Ageism Kills: The Case of Heart Valve Disease
by Michael W. Hodin
Ageism can come in many forms, from social to economic to political, but at its worst, ageism can prove deadly. If you were 63 and lost your job during Covid-19, it’s very likely you left the workforce because you couldn’t find employment. A 70-year-old woman shopping may well be directed to “a certain style.” But if you’re 74 with symptoms like shortness of breath, fatigue, dizziness, and chest pain, even your doctor will too often dismiss your symptoms as “just a normal part of getting old,” ignoring that these symptoms can likely be early signs of heart valve disease (HVD).
For HVD, these ageist assumptions impede detection, slow the path to diagnosis, and limit a person’s ability to access effective interventions. In short: unchecked, ageism approaches to medicine can kill you. When untreated, severe, symptomatic aortic stenosis (the most common type of heart valve disease) has a mortality rate between 25 and 50 percent per year. Even mild and moderate aortic stenosis are also associated with a higher mortality risk than previously suspected, underlining the necessity of early diagnosis and treatment.

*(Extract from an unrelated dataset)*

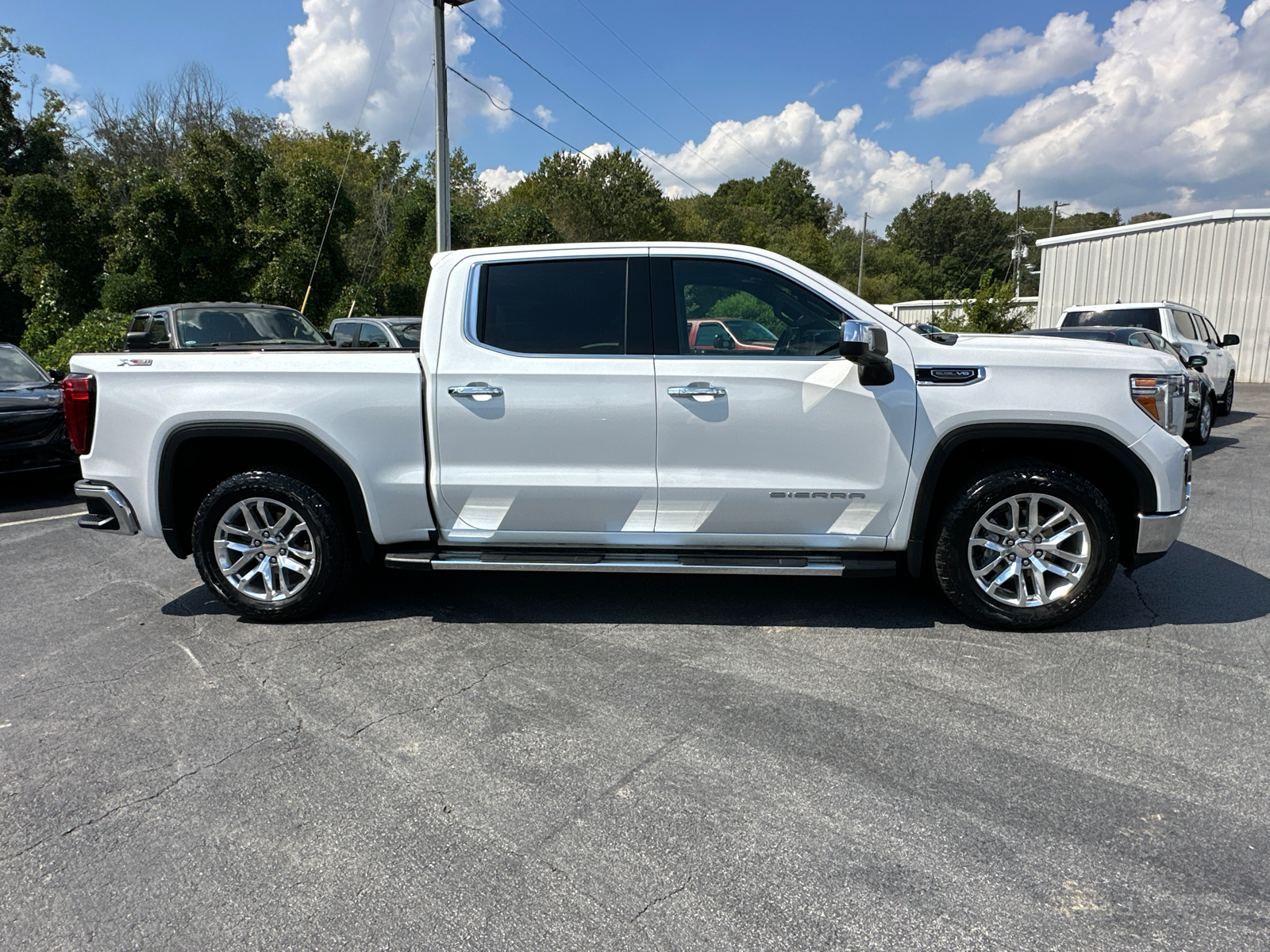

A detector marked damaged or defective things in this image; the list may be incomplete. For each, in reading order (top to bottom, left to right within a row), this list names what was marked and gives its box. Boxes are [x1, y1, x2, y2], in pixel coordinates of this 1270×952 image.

cracked pavement [2, 390, 1270, 949]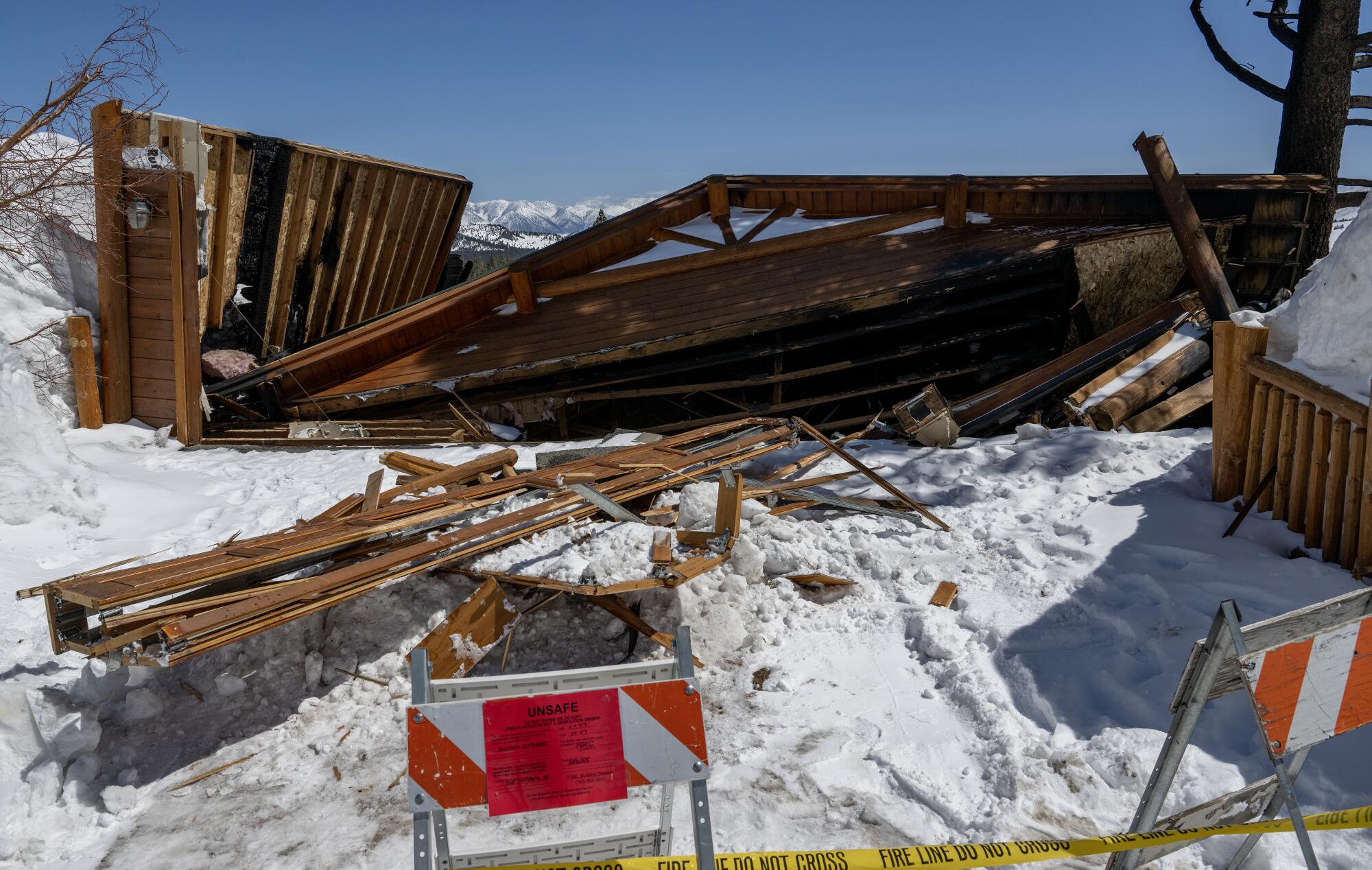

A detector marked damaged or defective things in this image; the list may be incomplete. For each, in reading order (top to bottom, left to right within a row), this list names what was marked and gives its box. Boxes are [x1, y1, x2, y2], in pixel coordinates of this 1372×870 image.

“Ageism is an important social determinant of health largely neglected until now,” wrote Christopher Mikton, Alana Officer, Vania de la Fuente-Nunez and Etienne Kru. “The social determinants of health are the non-medical factors that influence health outcomes and include the conditions in which people are born, grow up, and live and the wider set of forces and systems that shape the conditions of daily life.”
In fact, a Global Coalition on Aging-Global Heart Hub position paper built on a prominent roundtable of experts to examine how behavior and policy change can best address HVD in our 21st century. Our paper’s main actions and policy recommendations will help us change how we deal with heart valve disease, ultimately saving lives and conserving resources. In the US alone, HVD costs $235 billion each year in direct health expenditures. Over a ten-year period, without timely access to treatment, it’s estimated that $10 billion would be lost from contributions like volunteering and family caregiving.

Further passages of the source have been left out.